- TASK BRIEF: Taking the records below, count the lines in which "with" appears and supply only the count.

- PROVIDED INFORMATION:
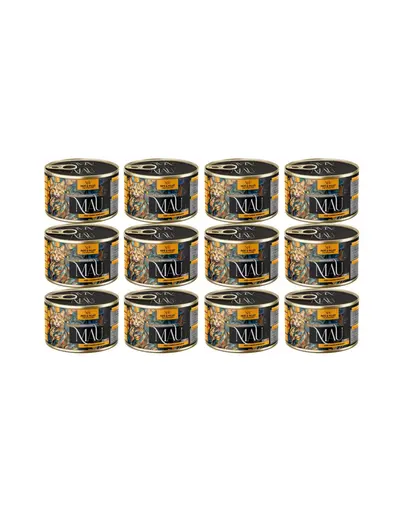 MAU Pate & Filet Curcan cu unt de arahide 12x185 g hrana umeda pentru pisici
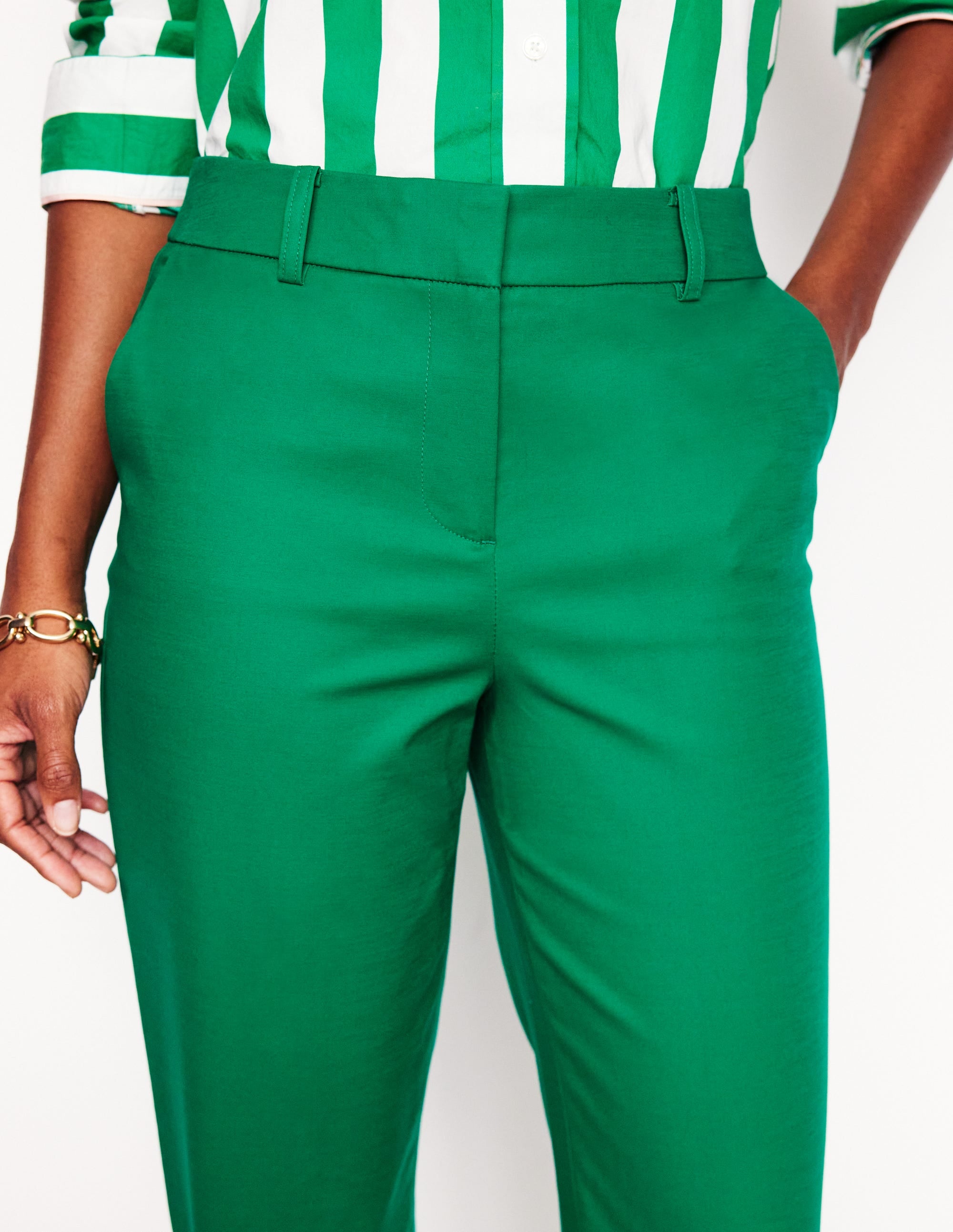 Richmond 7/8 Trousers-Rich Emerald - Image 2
==
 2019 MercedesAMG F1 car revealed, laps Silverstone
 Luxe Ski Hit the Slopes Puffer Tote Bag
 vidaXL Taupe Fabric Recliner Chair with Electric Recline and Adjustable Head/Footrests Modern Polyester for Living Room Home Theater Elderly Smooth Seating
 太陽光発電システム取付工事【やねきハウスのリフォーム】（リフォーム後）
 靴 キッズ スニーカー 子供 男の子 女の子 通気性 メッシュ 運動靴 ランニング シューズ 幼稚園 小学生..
==
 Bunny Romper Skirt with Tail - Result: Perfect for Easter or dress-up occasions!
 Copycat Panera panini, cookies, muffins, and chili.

- PROBLEM SOLUTION: 2